Entre la RDC et la Tanzanie, les dures vérités de Florent Ibenge

De l’inconnu arrivé sur la pointe des pieds chez V. Club en 2013 à la valeur sûre du coaching africain qu’il est devenu 12 ans plus tard, Florent Ibenge a parcouru du chemin, menant ses clubs vers des succès étincelants. De passage à Kinshasa, là où sa légende est née, l’actuel entraineur d’Azam FC, club de première division tanzanienne, a dressé un comparatif entre le championnat d’élite de la RDC et son équivalent en Tanzanie, surtout du point de vue organisationnel.
Sans langue de bois, le technicien congolais s’est montré tranchant, très tranchant même, évoquant un « fossé organisationnel » entre les deux nations.
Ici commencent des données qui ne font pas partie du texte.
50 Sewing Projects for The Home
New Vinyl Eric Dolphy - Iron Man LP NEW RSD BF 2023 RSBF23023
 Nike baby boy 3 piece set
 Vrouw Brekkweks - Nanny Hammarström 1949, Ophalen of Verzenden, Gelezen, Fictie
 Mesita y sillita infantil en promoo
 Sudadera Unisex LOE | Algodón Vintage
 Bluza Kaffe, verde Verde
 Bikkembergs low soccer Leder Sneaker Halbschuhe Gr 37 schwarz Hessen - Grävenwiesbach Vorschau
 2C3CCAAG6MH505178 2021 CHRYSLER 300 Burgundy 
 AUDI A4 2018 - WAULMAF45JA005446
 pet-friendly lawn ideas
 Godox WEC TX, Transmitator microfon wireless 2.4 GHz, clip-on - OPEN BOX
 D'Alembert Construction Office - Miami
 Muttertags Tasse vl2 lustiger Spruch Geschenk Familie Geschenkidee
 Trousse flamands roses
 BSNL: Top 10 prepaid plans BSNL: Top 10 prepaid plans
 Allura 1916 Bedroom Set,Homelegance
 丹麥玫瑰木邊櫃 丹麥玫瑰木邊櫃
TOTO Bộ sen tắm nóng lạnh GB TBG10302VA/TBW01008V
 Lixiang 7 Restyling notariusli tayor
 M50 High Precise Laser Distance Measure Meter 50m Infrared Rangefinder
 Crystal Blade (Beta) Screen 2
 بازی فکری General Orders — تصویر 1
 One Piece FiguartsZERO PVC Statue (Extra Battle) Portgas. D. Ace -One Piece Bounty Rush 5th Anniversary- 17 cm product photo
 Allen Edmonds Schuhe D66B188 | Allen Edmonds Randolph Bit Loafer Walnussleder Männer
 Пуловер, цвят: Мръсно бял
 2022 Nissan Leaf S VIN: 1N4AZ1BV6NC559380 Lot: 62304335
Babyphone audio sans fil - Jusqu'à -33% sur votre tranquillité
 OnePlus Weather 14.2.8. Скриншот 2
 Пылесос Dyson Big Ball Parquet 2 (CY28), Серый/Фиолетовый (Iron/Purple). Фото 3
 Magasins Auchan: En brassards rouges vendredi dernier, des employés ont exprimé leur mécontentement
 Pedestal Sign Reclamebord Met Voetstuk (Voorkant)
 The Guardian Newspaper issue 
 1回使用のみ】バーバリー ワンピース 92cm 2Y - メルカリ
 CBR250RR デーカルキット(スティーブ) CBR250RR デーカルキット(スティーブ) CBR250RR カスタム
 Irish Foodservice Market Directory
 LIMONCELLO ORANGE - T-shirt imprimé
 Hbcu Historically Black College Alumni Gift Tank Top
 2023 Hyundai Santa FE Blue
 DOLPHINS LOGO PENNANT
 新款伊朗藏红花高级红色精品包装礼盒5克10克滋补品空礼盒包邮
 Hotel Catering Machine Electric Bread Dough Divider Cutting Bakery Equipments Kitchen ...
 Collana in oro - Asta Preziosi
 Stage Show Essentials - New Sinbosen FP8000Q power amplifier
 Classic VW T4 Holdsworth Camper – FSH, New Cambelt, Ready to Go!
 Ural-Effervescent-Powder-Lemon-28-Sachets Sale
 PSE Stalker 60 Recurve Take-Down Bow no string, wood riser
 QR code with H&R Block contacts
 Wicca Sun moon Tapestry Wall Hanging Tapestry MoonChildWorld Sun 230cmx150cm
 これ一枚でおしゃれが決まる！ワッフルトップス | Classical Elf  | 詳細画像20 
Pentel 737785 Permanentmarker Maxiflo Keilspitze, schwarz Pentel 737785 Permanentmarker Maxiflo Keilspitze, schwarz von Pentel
Un constat qui a sonné comme un appel à la réforme du football congolais.
Arrivé en Tanzanie cet été, Ibenge y a découvert un environnement de travail agréable, tout le contraire de ce qu’il a pu connaître en RDC où il a pourtant engrangé de bons résultats dont deux finales africaines. Mais pour lui, ces succès n’étaient que de simples « bonus » obtenus dans un environnement peu propice.
« Ce que j’ai à Azam est sans aucune commune mesure avec ce que j’avais dans Vita. Ce n’est pas comparable, Azam est un club très bien structuré avec son propre terrain », a-t-il fait remarqué.
S’il pouvait s’appuyer sur deux ou trois adjoints lors de son passage chez Vita, Ibenge en compte désormais six. Une preuve, selon lui, de la marche vers la professionnalisation du football tanzanien qui lui offre « toutes les facilités possibles ». Cela permet à l’entraineur principal de se concentrer uniquement sur la performance sportive.